So I thought I was losing my mind when a simple LEFT JOIN on a new table was taking forever to complete:
SELECT email FROM a LEFT JOIN b ON b.email=a.email WHERE b.email is null
That’s about the simplest LEFT JOIN you can write to get all rows in a that are not in b. This is useful, say, if you want to get a list of email addresses that have not unsubscribed from your mailing list (where you store unsubscribed addresses in another table).
Here was the EXPLAIN. This is bad:
Table a in this case has 5,244 rows and table b has 4,493 rows. The EXPLAIN is saying that MySQL intends to not use any indexes and do a full table scan on table b for each and every row in a.
I thought I was losing my mind because I do these types of queries all the time and they always use the right indexes and they’re very fast and all is right in the universe.

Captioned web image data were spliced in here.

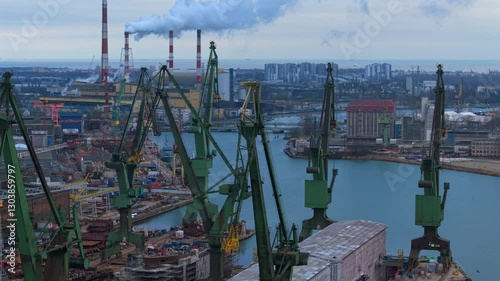 Drone medium orbit, cranes in Gdansk Shipyard with EC 2 coal plant smokestacks and football arena in the distance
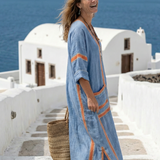 Meliana — Blue Kaftan Midi Dress with V-Neck and Orange Trim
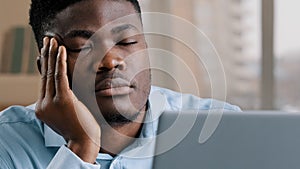 Sleepy tired african man office male dreamer businessman has sleeping problem napping rest at desk american lazy student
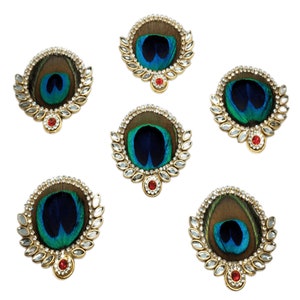 Könnte beinhalten: Sechs dekorative Pfauenfedern-Verzierungen. Jedes kreisförmige Design zeigt eine Pfauenfeder mit blauen und grünen Farbtönen, umgeben von einem goldfarbenen Rahmen mit klaren Strasssteinen. Ein kleiner roter Edelstein akzentuiert den Boden jedes Stücks.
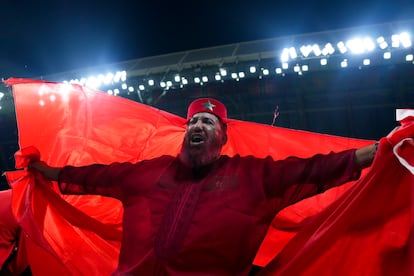 Un aficionado marroquí con una bandera desplegada en las gradas del estadio.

And in fact I did a similar query on a different set of tables in the same database and it worked perfectly fine, just like I expected it to.
After literally hours of pulling my hair out, I found the culprit: the email column is a varchar and, crucially, table a and b were in different character sets. (My other query worked because that column was an int.) Table a was in utf8 and table b was in latin1. This prevented MySQL from being able to use the index.
The fix:
ALTER TABLE b CONVERT TO CHARACTER SET utf8
Then the query returns instantly. This is how LEFT JOINS are supposed to look:
Be careful using ALTER..CONVERT TO. It converts the actual data in the fields and can convert types (e.g. from text to mediumtext). Read the documentation and know what you are doing before going in guns blazing.
This is one of those problems that’s best to avoid. I didn’t specify utf8 when I created the table and my defaults were wrong. The old tables were created and ported over from a different database. If this mess happens to you, may God have mercy on your soul. Also, check your character set encoding defaults on your MySQL configuration, for each database, and each table in each database (yes, they can all be different).